Ростовщик ведь не сразу, не с бухты-барахты предложил сыну отравить отца. Человек, не склонный к риску, он много раз отмерит, перед тем как отхватить себе кусок. Тем более, что он хорошо знает щедрую, разгульную натуру Альбера, которого нередко ссужал под проценты, убежден, что “на бароновых похоронах/Прольется больше денег, нежель слез”, и потому искренне желает своему должнику, от которого надеется очень хорошо попользоваться: “Пошли вам Бог скорей наследство”.
И в этом его желание совпадает с Альберовым. Ведь тот потому и согласен на любые ростовщические проценты, “что мой отец/Богат и сам как жид, что рано ль, поздно ль/Всему наследую”.

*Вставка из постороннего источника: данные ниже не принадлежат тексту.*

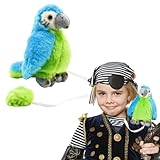 Pirate Parrot Plush Shoulder Magnet Stuffed Pirate Party Costume Accessories Animal Toys Cute Plushies for Kids Magnetic Blue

(Конечно, нам, знающим о деле Дрейфуса и о деле Бейлиса, живущим после Холокоста и помнящим советскую политику государственного антисемитизма, дико читать это “как жид”, дико постоянное именование Соломона в пушкинской трагедии жидом. Но не будем, подобно отцам-основателям сионизма, обвинять Пушкина в антисемитизме. Пушкин не отходит от традиции своего времени, когда жид был не бранной кличкой еврея, а знаковым представителем торгового капитала, как правило ростовщического, как правило еврейского, ибо кроме как в торговцы и в провизоры евреям податься было некуда: рассеянные по миру, они не допускались чужими правителями не только на государственные, но и на обычные гражданские должности.)